### Work item:
Type out all the records once more, exactly.

### Supplied records:
========

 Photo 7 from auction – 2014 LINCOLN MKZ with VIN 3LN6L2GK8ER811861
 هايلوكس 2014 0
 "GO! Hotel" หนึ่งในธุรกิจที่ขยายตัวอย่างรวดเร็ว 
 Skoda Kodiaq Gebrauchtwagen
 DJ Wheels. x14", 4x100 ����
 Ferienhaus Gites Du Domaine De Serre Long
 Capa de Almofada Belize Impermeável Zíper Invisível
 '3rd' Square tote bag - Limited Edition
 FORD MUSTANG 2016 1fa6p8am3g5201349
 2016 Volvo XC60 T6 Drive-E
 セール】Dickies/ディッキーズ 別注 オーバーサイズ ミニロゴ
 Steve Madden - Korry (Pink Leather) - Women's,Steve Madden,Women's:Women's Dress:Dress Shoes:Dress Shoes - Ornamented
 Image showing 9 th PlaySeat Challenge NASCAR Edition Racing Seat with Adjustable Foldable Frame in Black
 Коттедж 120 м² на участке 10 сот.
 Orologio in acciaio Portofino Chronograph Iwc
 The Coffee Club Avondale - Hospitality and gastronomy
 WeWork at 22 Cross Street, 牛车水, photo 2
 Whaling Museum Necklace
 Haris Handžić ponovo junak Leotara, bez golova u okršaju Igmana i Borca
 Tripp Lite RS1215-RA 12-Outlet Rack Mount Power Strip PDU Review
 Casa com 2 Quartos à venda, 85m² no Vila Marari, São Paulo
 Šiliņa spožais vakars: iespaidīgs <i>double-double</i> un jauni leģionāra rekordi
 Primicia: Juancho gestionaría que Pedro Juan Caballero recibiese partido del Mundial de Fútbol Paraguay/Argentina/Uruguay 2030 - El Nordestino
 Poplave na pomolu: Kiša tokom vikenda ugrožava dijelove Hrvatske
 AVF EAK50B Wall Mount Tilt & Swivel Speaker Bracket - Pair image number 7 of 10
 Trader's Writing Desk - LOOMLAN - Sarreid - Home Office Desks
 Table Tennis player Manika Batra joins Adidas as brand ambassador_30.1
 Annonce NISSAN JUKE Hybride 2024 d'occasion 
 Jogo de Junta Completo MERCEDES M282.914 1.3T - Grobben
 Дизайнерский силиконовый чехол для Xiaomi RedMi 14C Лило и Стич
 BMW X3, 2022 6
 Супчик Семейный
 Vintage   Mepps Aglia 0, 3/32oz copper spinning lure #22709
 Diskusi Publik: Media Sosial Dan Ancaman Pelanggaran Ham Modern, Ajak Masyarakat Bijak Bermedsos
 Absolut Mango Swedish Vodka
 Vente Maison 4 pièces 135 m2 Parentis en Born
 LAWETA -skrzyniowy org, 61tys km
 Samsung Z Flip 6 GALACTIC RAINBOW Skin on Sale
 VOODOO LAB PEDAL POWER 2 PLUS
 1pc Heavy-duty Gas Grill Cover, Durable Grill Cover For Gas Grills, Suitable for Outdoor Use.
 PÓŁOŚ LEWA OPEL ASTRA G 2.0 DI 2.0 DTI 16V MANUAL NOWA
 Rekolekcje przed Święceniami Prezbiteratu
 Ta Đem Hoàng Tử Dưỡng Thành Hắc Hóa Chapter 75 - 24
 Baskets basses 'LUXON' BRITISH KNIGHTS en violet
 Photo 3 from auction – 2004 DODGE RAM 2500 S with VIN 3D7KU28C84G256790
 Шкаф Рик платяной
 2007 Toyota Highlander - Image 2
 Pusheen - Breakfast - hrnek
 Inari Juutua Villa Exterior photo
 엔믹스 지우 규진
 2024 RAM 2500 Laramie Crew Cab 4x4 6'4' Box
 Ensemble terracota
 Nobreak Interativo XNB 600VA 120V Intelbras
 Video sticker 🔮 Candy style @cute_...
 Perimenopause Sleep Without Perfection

========

### Completed task:
 Photo 7 from auction – 2014 LINCOLN MKZ with VIN 3LN6L2GK8ER811861
 هايلوكس 2014 0
 "GO! Hotel" หนึ่งในธุรกิจที่ขยายตัวอย่างรวดเร็ว 
 Skoda Kodiaq Gebrauchtwagen
 DJ Wheels. x14", 4x100 ����
 Ferienhaus Gites Du Domaine De Serre Long
 Capa de Almofada Belize Impermeável Zíper Invisível
 '3rd' Square tote bag - Limited Edition
 FORD MUSTANG 2016 1fa6p8am3g5201349
 2016 Volvo XC60 T6 Drive-E
 セール】Dickies/ディッキーズ 別注 オーバーサイズ ミニロゴ
 Steve Madden - Korry (Pink Leather) - Women's,Steve Madden,Women's:Women's Dress:Dress Shoes:Dress Shoes - Ornamented
 Image showing 9 th PlaySeat Challenge NASCAR Edition Racing Seat with Adjustable Foldable Frame in Black
 Коттедж 120 м² на участке 10 сот.
 Orologio in acciaio Portofino Chronograph Iwc
 The Coffee Club Avondale - Hospitality and gastronomy
 WeWork at 22 Cross Street, 牛车水, photo 2
 Whaling Museum Necklace
 Haris Handžić ponovo junak Leotara, bez golova u okršaju Igmana i Borca
 Tripp Lite RS1215-RA 12-Outlet Rack Mount Power Strip PDU Review
 Casa com 2 Quartos à venda, 85m² no Vila Marari, São Paulo
 Šiliņa spožais vakars: iespaidīgs <i>double-double</i> un jauni leģionāra rekordi
 Primicia: Juancho gestionaría que Pedro Juan Caballero recibiese partido del Mundial de Fútbol Paraguay/Argentina/Uruguay 2030 - El Nordestino
 Poplave na pomolu: Kiša tokom vikenda ugrožava dijelove Hrvatske
 AVF EAK50B Wall Mount Tilt & Swivel Speaker Bracket - Pair image number 7 of 10
 Trader's Writing Desk - LOOMLAN - Sarreid - Home Office Desks
 Table Tennis player Manika Batra joins Adidas as brand ambassador_30.1
 Annonce NISSAN JUKE Hybride 2024 d'occasion 
 Jogo de Junta Completo MERCEDES M282.914 1.3T - Grobben
 Дизайнерский силиконовый чехол для Xiaomi RedMi 14C Лило и Стич
 BMW X3, 2022 6
 Супчик Семейный
 Vintage   Mepps Aglia 0, 3/32oz copper spinning lure #22709
 Diskusi Publik: Media Sosial Dan Ancaman Pelanggaran Ham Modern, Ajak Masyarakat Bijak Bermedsos
 Absolut Mango Swedish Vodka
 Vente Maison 4 pièces 135 m2 Parentis en Born
 LAWETA -skrzyniowy org, 61tys km
 Samsung Z Flip 6 GALACTIC RAINBOW Skin on Sale
 VOODOO LAB PEDAL POWER 2 PLUS
 1pc Heavy-duty Gas Grill Cover, Durable Grill Cover For Gas Grills, Suitable for Outdoor Use.
 PÓŁOŚ LEWA OPEL ASTRA G 2.0 DI 2.0 DTI 16V MANUAL NOWA
 Rekolekcje przed Święceniami Prezbiteratu
 Ta Đem Hoàng Tử Dưỡng Thành Hắc Hóa Chapter 75 - 24
 Baskets basses 'LUXON' BRITISH KNIGHTS en violet
 Photo 3 from auction – 2004 DODGE RAM 2500 S with VIN 3D7KU28C84G256790
 Шкаф Рик платяной
 2007 Toyota Highlander - Image 2
 Pusheen - Breakfast - hrnek
 Inari Juutua Villa Exterior photo
 엔믹스 지우 규진
 2024 RAM 2500 Laramie Crew Cab 4x4 6'4' Box
 Ensemble terracota
 Nobreak Interativo XNB 600VA 120V Intelbras
 Video sticker 🔮 Candy style @cute_...
 Perimenopause Sleep Without Perfection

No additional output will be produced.